VAIJU NARAVANE in Argenteuil, Aulnay-sous-Bois
DUSK is falling fast as I step off the RER or rapid suburban train network at Argenteuil, one of Paris' toughest suburbs, some 30 kilometres north of the city. Mehdi Lallaoui, writer and film-maker of Algerian origin who grew up in these parts, is waiting for me and we make our way cautiously up the overbridge that separates the cite (housing estate) from the railway track.
Over a hundred thousand people, mainly of North and West African origin, live here, massed in box-like apartments in tower blocks built on both sides of the "dalle" or central walkway. The structures date back to the 1960s and show their age - peeling paint, broken windows despite the onset of winter, graffiti-smeared walls, an erratic lift that stops only on floors nine and 19. The black stains left by Molotov cocktails, shattered beer bottles and the calcinated carcasses of several cars bear witness to the recent violence.

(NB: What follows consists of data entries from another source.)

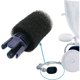thumbnail image 4 of RTGPT Anti-Splash Nozzle with 6 Foam Brushes for Polaris 280 Pool Robot, Equivalent to Tail Sweep Pro TSP10S..., 4 of 5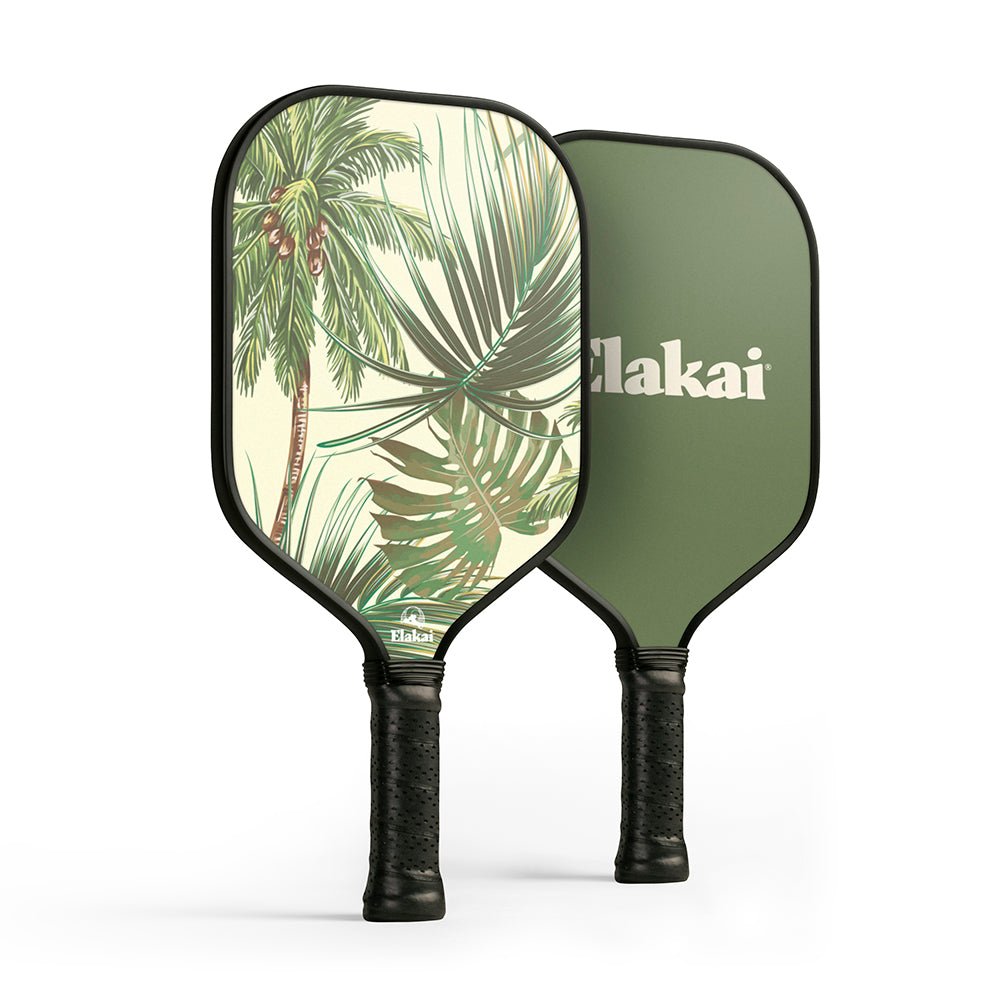 13MM Tropical Palms Pickleball Paddle - EGPBR-02 | Elakai Outdoor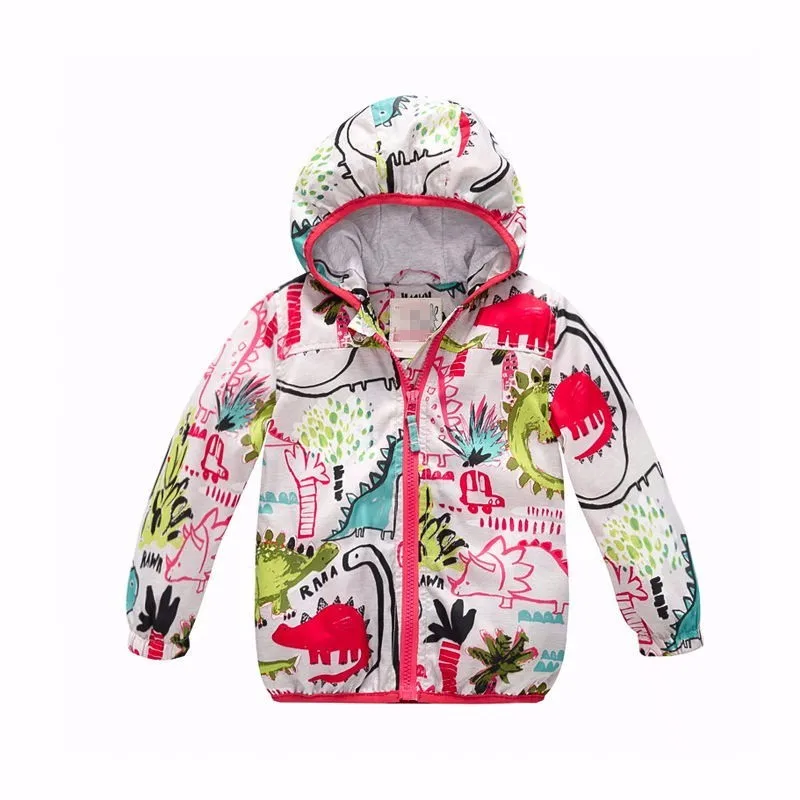 Children Clothing Kids Cartoon Dinosaur 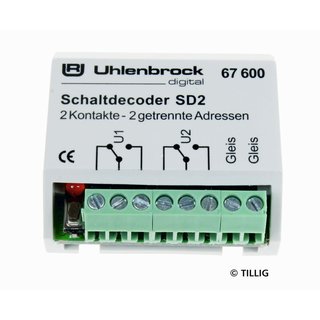 Tillig B 66836 Schaltdecoder SD 2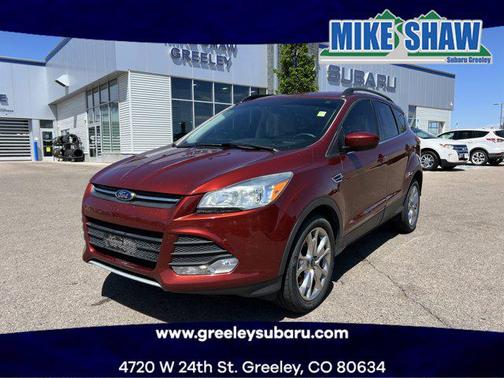 Sunset 2016 Ford Escape SE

This evening, the police are taking no chances. They are massed together on the central parvis, a hundred-odd dark, menacing and helmeted figures, shatter-proof plastic shield in one hand, truncheon in the other. They remain clustered together, their body language is defensive and offensive at the same time, giving out a message of aggression and hostility. Groups of 10 go out on patrols in the area, leaving the bulk of their colleagues to occupy the central walkway.
Across the parvis, a scattered group of youngsters wearing the uniform of the cites - tennis shoes, sweat shirts or jogging suits, parkas with hoods pulled low over the forehead. The two groups eye each other warily. Both know that the smallest gesture on either side will bring down the fury of hell upon the estate, as it did the night before, when a coke can flung at a policeman became the signal for a collective charge. There is aggression and provocation on both sides. Over 60 cars were burnt in Argenteuil alone.

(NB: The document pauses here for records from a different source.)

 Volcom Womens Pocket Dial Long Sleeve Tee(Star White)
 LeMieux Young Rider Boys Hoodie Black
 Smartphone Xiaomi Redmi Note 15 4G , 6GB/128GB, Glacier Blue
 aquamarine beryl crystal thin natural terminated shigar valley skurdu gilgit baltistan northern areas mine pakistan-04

The youngsters, some of them barely 12, play cat and mouse with the police, lighting fires in garbage bins and running away, melting into the shadows of the ill-lit estate, calling their mates on their cell phones to do likewise on the other side. Their tactic of starting several small fires at once is successful, obliging the policemen to break formation. Small groups of youngsters armed with sticks, baseball bats, petrol bombs, stones and petanque balls then attack the dispersed policemen.
"We taunt them. We want to provoke them. They show us no respect. How can they expect us to respect them?" asks a strapping North African youth who refuses to give his name. He is articulate with a cultured voice and is the tacit spokesman of the group. "You would not expect a person like me to indulge in burning cars and buses, would you? I have gone to university and I have a Master's degree in economics and marketing. Where has it got me? I have no job, just a temporary post as a delivery boy. I don't like burning and mayhem. But this is the only way our voice will be heard. The contempt the administration and the police force reserve for us is astounding. We are treated like dogs. Well, in that case we end up behaving like whipped dogs pushed to the limit. And then they colonised us, tortured our grandfathers. I want revenge from this society."
It was in Argenteuil that French Interior Minister Nicolas Sarkozy made the remarks that sparked off a furious reaction. Referring to high crime levels in immigrant suburbs, he said he would "hose down" the cites and get rid of the "scum".
The suburban malaise runs deep. Massive unemployment led to the creation of these ghettos, which have now become no-go zones for the police with drug-traffickers and criminal gangs laying down the law. "We get the worst teachers, our schools are under-equipped, and the school dropout rate is very high. In the absence of employment, young people are tempted by easy money and a life of crime. But all of us are not like that. Given half a chance and the right encouragement, we too would do well," the anonymous spokesman says.
Not everyone agrees. Valerie, a retired schoolteacher who taught in Aulnay, said she did her best but in the end threw in the towel. "They did not want to learn. Nothing interested them except the latest gadgets, clothes, shoes and they stole to buy what they wanted. I knew students who would hold up passengers on the RER at knife-point and take things off them - phones, jackets, even shoes. And I found the parents were just not present or had forgotten their parenting skills. A teacher is there to impart knowledge and to form character. But we cannot give a moral code to someone whose parents turn a blind eye to anti-social behaviour."